Drivers say Center Street detour confusing
By John Joyce
Published in News on August 17, 2012 1:46 PM
A number of people have found out that the city is serious about motorists disobeying traffic signs at the intersection of Mulberry and Center streets. Goldsboro police say nearly two dozen drivers have been issued tickets this week for trying to get around the blockades that have been set up while work on the Streetscape project is under way.
Turning the wrong way on the Center Street circle and jumping barricades to avoid the detour caused by construction there will cost you, local drivers found out this week.
A high volume of traffic citations handed out downtown by Goldsboro police Monday raised quite a stir with operators and patrons of the local businesses anchored there.
Maj. Mike West of the Goldsboro Police Department's Traffic Division said at least 21 citations were handed out at the intersection of Center and Mulberry streets.
West could neither confirm nor deny reports from those ticketed who claimed the costs were as high as $282.
"Infractions included 'failure to obey traffic devices' and other charges," West said. "That would account for the variance in prices for the tickets issued."
The westbound lane of Mulberry Street at the point it intersects with Center Street has been closed since May due to construction related to Downtown Goldsboro Development Corp.'s Center Street Streetscape Project.
The eastbound lane has remained open, allowing for one-way traffic. Some drivers, though, have been skirting around the two "Road Closed" signs positioned along Mulberry Street as it approaches Center Street, ignoring too the more than 14 Bob's Barricades placed to prevent through-traffic. An erected fence that surrounds the construction site, and the many bulldozers and workers assembled within the fenced-in area, have also failed to deter violators.
"Safety was our main concern," City Manager Scott A. Stevens said.
Stevens said that a rise in the number of vehicles bypassing the closure signs and continuing to drive through the restricted area prompted him to ask Police Chief Jeff Stewart to ramp up police presence at the intersection.
In addition to the barricades and posted signs, the traffic light at the intersection is set to flash yellow, which drivers have indicated they thought meant "proceed with caution."
"It is confusing, but our only other option was to close the street completely," Stevens said.
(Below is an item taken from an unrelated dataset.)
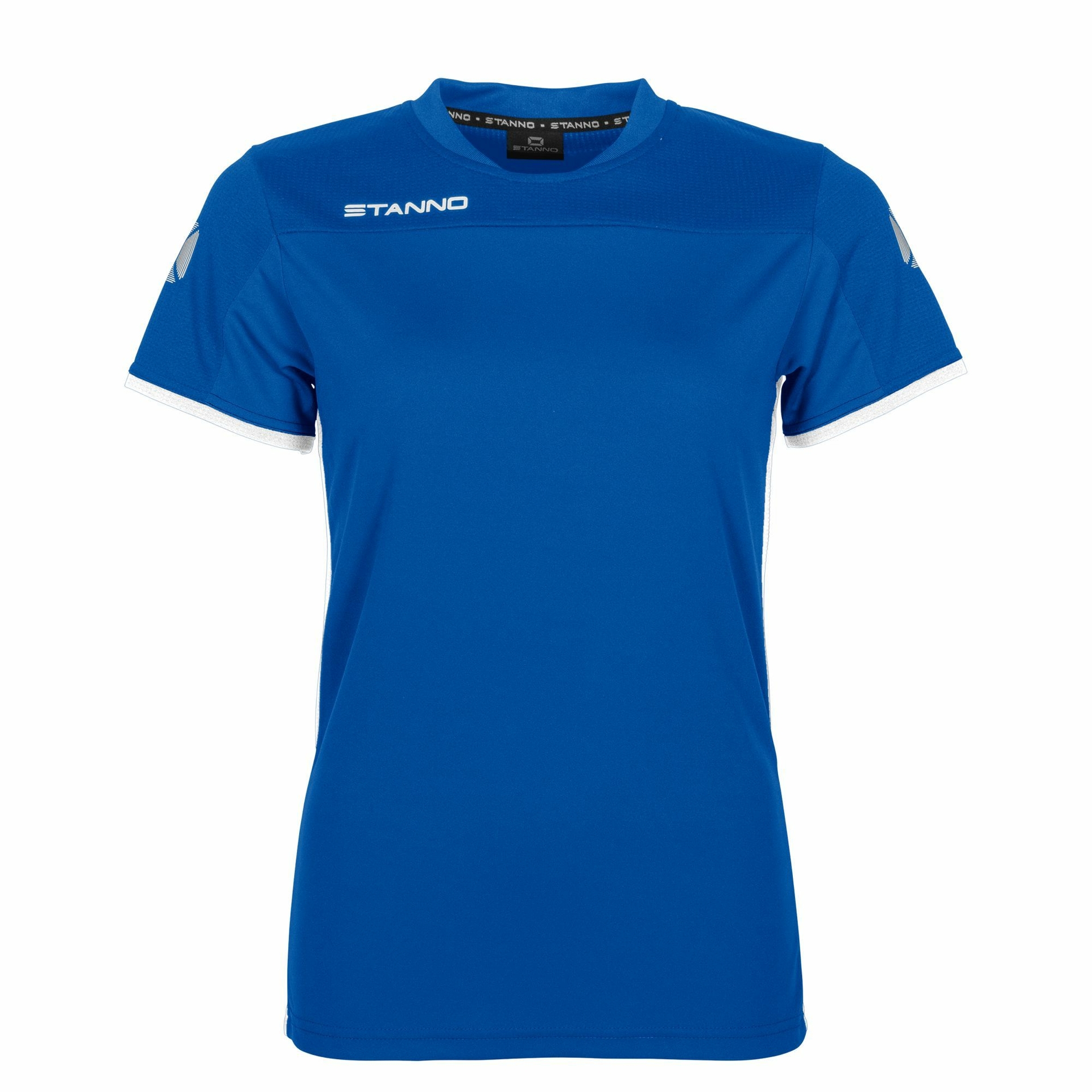 Stanno Pride shirt dames - blauw/wit, foto 3 van 6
The city manager went on to say that, although Mulberry Street will be completely shut down at some point during the project, he wanted to protect the businesses there by leaving it open as long as possible.
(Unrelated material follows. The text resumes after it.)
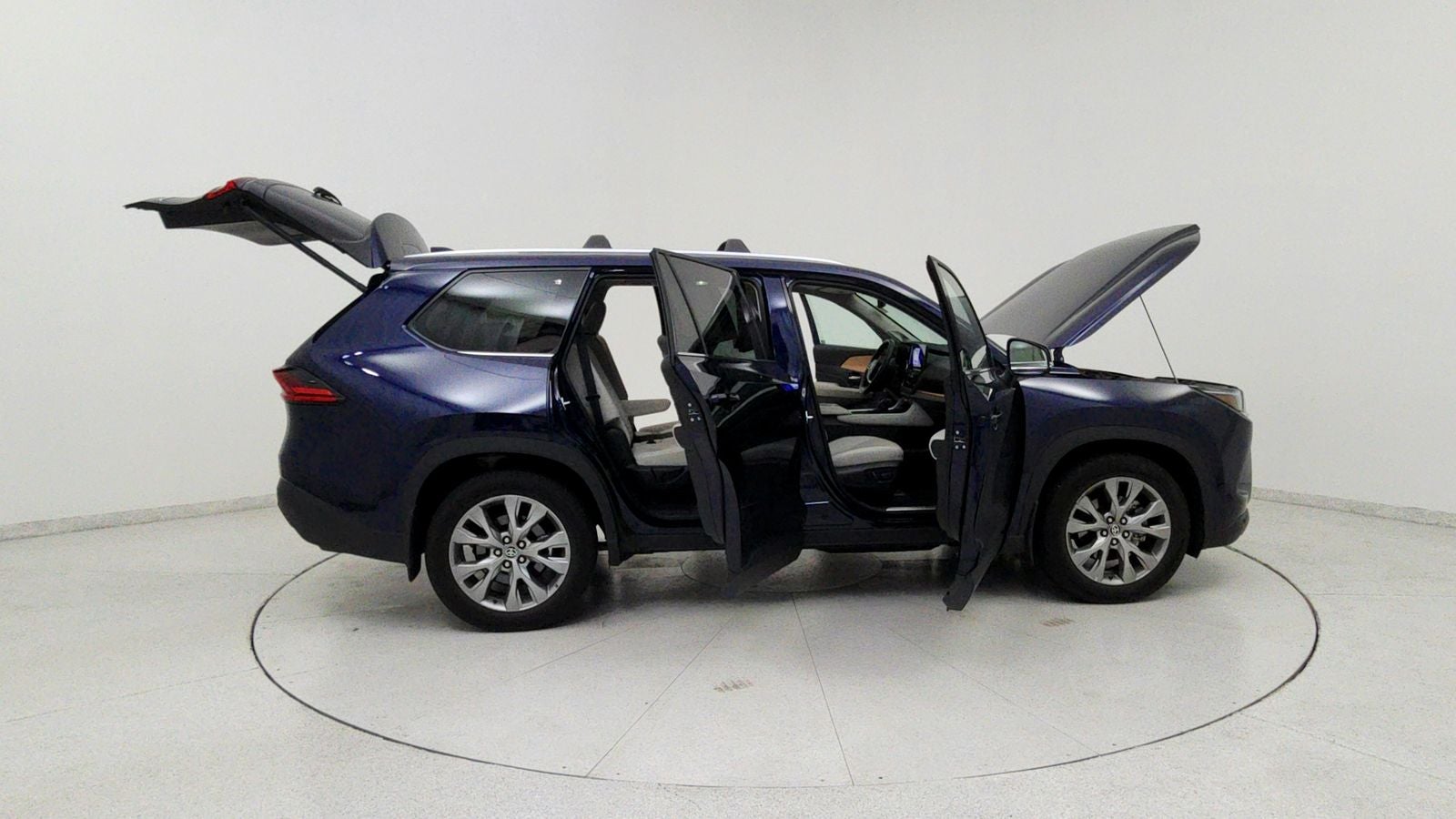 2025 Toyota Grand Highlander Hybrid Limited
Not all of the business owners feel protected.
Percy Royall, owner of Royall Barber Shop, 142 Center St., wonders why visitors aren't being encouraged to use the John Street parking lot adjacent to his business.
"I've been here 43 years and never seen it this bad," Royall said. He said a sign directing customers to the parking area that connects John and Center streets would be beneficial and clear up confusion caused by the detour.
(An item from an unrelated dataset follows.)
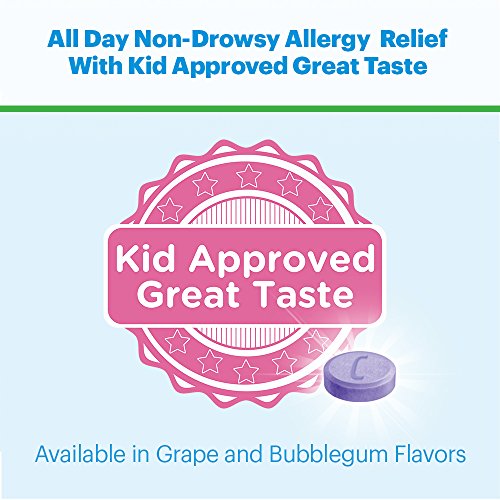 2 Childrens+Claritin+Non+Drowsy+Chewable+Antihistamine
The road closure has impacted at least one other long-standing Center Street business.
"It don't really make sense; they have one little old sign," said Walley Williams, proprietor of Goldsboro Furniture Store, located for 50 years on the northwest corner of Mulberry and Center streets. His employees witnessed the traffic stops also.
"They've been pulling them over left and right, two and three at a time," David Solomon said.
Williams and his workers have for months seen cars slip past the barricades and warning signs that are posted along the constructions zone. They have not seen any tickets issued prior to Monday. Williams said that he hasn't been seeing any customers either.
"I don't do any business. I was doing about $6,000 a week," said Williams, referring to the pre-construction patronage he has been accustomed to for decades.
"Now I'm doing $200."
Williams said he is thinking of calling it quits after a half-century, blaming City Hall and the Streetscape Project for what he says is "ruining downtown."
The Little Bank, which sits opposite the furniture store, felt the pinch Monday when numerous customers complained about the ticketing.
"People have been cautious going through there," said Roy Parker, bank manager.
According to Parker, the ticketing began about 10 a.m. Monday and continued after he left around 5 p.m. Although concerned that his customers felt they were treated unfairly Monday, Parker spoke highly of the construction workers and contractors working on the project site, saying that they have been very attentive to the bank's needs.
Unlike Williams, Parker has high hopes for the Streetscape project, which he says is "cleaning up the area."
Project Manager Josh Price seconded the city manager's safety concerns when speaking to the matter of drivers being ticketed for violating the road closure.
The section of roadway that remains open is narrow and visibility can be obstructed by cars parked on either side. Drivers heading the wrong way up the converted one-way street run the risk of being in the path of cars legally turning right from Center Street onto Mulberry Street.
"There has been concern for our guys working close to the fence as cars have been coming close to it," Price said.
In regard to the local businesses being impacted one way or another, either by the construction or the recent ticketing, Price declined to comment.